In nine distinct passages Jesus mentions Abraham by name, as follows:

a. Matt. viii. 11; "many shall sit down with Abraham and Isaac and Jacob in the kingdom of heaven."

b. Matt. xxii. 31, 32: "As touching the resurrection of the dead, have you not read that which was spoken unto you by God, saying, I am the God of Abraham, and the God of Isaac, and the God of Jacob? God is not the God of the dead, but of the living." Mark xii. 26, 27: "As touching the dead, that they rise; have ye not read in the book of Moses, how in the bush God spoke unto him, saying, I am the God of Abraham," etc. "He is not the God of the dead but the God of the living." Luke xx. 37, 38: "Now that the dead are raised even Moses shewed at the bush, when he calleth the Lord the God of Abraham," etc. "For He is not a God of the dead, 'but of the living."

c. In Luke xiii. 16, Jesus calls a woman a "daughter of Abraham whom Satan hath bound," etc.

d. In Luke xix. 9 he calls Zaccheus "a son of Abraham."

e. Luke xiii. 28 "There will be weeping and gnashing of teeth when ye shall see Abraham and Isaac and Jacob and all the prophets in the kingdom of God," etc.

f. In Luke xvi. 22, He concludes the parable of the rich man and Lazarus in Abraham's bosom by the words: "If they hear not Moses and the prophets, neither will they be persuaded, though one rose from the dead."

g. In John viii. 39, He speaks of "the children of Abra ham" and "the works of Abraham."

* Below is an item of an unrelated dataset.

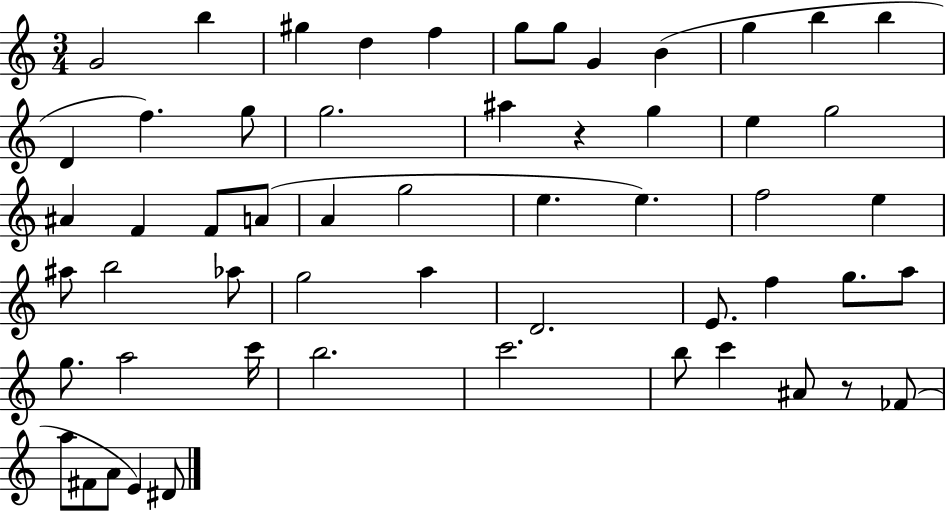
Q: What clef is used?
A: treble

h. In John viii. 56, He says that "Abraham rejoiced to see my day and he saw it and was glad."

i. In John viii. 58, He says: "Before Abraham came into being, I am."

In every one of these nine passages, Jesus speaks as if He thought that there was a man called Abraham. He says that He Himself existed 'before Abraham was born and implies that He had seen Abraham, inasmuch as this verse was a reply to the question of the Jews in the preceding verses: "Thou art not yet fifty years old and hast Thou seen Abraham?" He claims, also, to have known the works of Abraham (John viii. 39) and that the living God was the God of an Abraham who was still living in heaven long after his body had died on earth. These statements dearly indicate, that Jesus believed that He existed before Abraham, knew all about his life here, and thought that he, Abraham, still existed. What logical ground has a Christian for denying any of these things? What man knows enough to say that Jesus was wrong in believing them to be true?

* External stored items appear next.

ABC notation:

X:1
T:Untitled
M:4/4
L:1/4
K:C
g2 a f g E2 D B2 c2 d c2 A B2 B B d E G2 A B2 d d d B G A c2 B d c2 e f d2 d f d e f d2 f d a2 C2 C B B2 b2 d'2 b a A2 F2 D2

Without mention of the name of Abraham, the Lord refers to four other events connected with his history—the destruction of Sodom and Gomorrah (Matt. xi. 24, Mark vi. 11, Luke x. 12), Lot's going out of Sodom (Luke xvii. 28, 29), Lot's wife (Luke xvii. 32), and the institution of the rite of circumcision by the fathers before the time of Moses (John vii. 22). In our present state of knowledge about these events, it is certain that we do not know that the references to them by Jesus are not all true. Doubtless, when Dr. Glover produces some direct evidence upon these statements militating against the truthfulness of what the evangelists state that Jesus said, the members of the Bible League of the United Kingdom will sit up and take notice. His mere opinion upon these matters is of no more value as evidence than the opinion of any other man now living. That is, it is of no value whatsoever.

Moses.

In every one of the Gospels, Jesus is said to have referred by name to Moses, and to some words or acts of his:

a. Matt. xix. 8: "Moses suffered you to put away your wives, but in the beginning it was not so," etc.

b. Mark x. 3: "What did Moses command you?"

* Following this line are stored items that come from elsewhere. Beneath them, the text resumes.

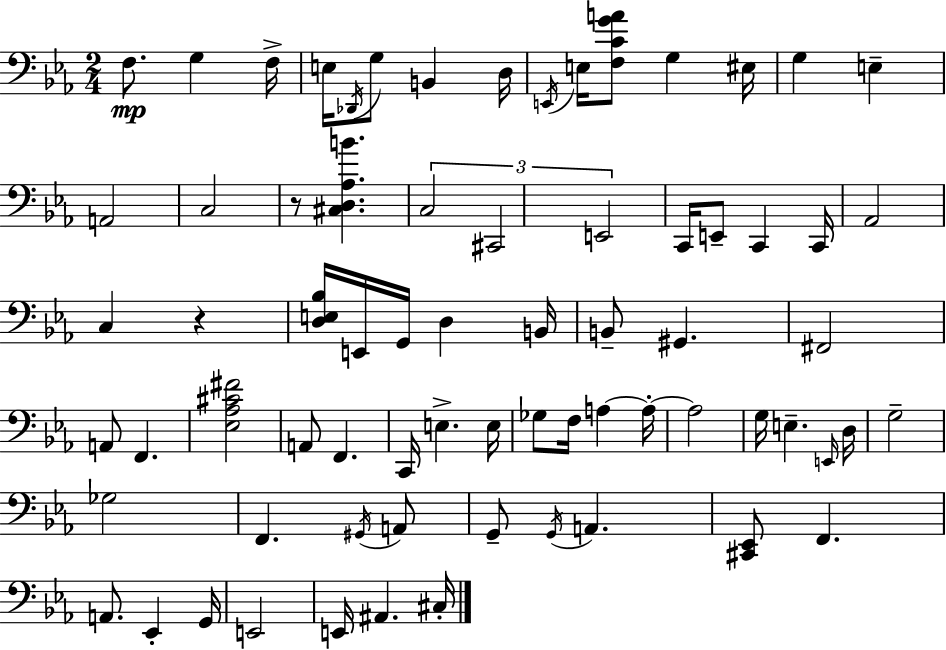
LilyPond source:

{
  \clef bass
  \numericTimeSignature
  \time 2/4
  \key ees \major
  f8.\mp g4 f16-> | e16 \acciaccatura { des,16 } g8 b,4 | d16 \acciaccatura { e,16 } e16 <f c' g' a'>8 g4 | eis16 g4 e4-- | \break a,2 | c2 | r8 <cis d aes b'>4. | \tuplet 3/2 { c2 | \break cis,2 | e,2 } | c,16 e,8-- c,4 | c,16 aes,2 | \break c4 r4 | <d e bes>16 e,16 g,16 d4 | b,16 b,8-- gis,4. | fis,2 | \break a,8 f,4. | <ees aes cis' fis'>2 | a,8 f,4. | c,16 e4.-> | \break e16 ges8 f16 a4~~ | a16-.~~ a2 | g16 e4.-- | \grace { e,16 } d16 g2-- | \break ges2 | f,4. | \acciaccatura { gis,16 } a,8 g,8-- \acciaccatura { g,16 } a,4. | <cis, ees,>8 f,4. | \break a,8. | ees,4-. g,16 e,2 | e,16 ais,4. | cis16-. \bar "|."
}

c. Luke xx. 37: "That the dead are raised, Moses shewed at the bush," etc.

d. John iii. 14: "As Moses lifted up the serpent in the wilderness, even so shall the Son of Man be lifted up," etc.

e. John v. 45: "One accuseth you, even Moses in whom ye trust."

f. John vi. 32 (referring to the manna): "Moses gave you not that bread from heaven."

g. John vii. 19: "Did not Moses give you the law?"

h. John vii. 23: He speaks of "the law of Moses."

These eight passages show us that Jesus believed that there was a Moses who figured in these events recorded of 'him in the Pentateuch and especially who gave the Law to the Israelites. Particularly noteworthy is His use of the raising up of the serpent in the wilderness. Does anyone know that any one of these statements is wrong or that Jesus did not know that they were true? If so, how does he know? What is his evidence? No event of history is self-evident and nothing is impossible with God. Jesus cites from every one of the five books ascribed to Moses and He says expressly "He wrote of me." This impliesthree things. First, there was a Moses; secondly, he wrote; thirdly, he wrote concerning Jesus. As to the first of these implications, that is, that there was a man called Moses, can there really exist a man who thinks he knows enough to make a denial that such a person ever existed at the court of Pharaoh sometime between 1250 and 1500 B.C.?9 We know that the Hebrew language was in common use in Palestine and Syria before the time of the conquest of these countries by Thothmes III who probably preceded Moses by several centuries; for the cities of these lands, which he enumerates three times on the gates of the temple which he built at Karnak, mostly bear good Hebrew names.10 We know further that the scribes both of Palestine and Syria on the one hand and of Egypt on the other knew Hebrew, for the Hebrew words inserted by way of explanation in the El Amama letters written to the kings Amenophis, the Third and Fourth, could otherwise not have been either written in these letters, or read by the scribes of Egypt Further, the mention of the Israelites by Merenptah shows that a people of this name was known to him; and it is probable that the word Habiru of the Amarna letters was the Babylonian equivalent of "Hebrew" (עברי). Since it is certain, therefore, that there were He brews in Egypt at the time when according to the Scriptures Moses was born and enacted his extraordinary deeds, it is a ridiculous assumption of a knowledge not possessed by any man to assert that Moses could not have existed.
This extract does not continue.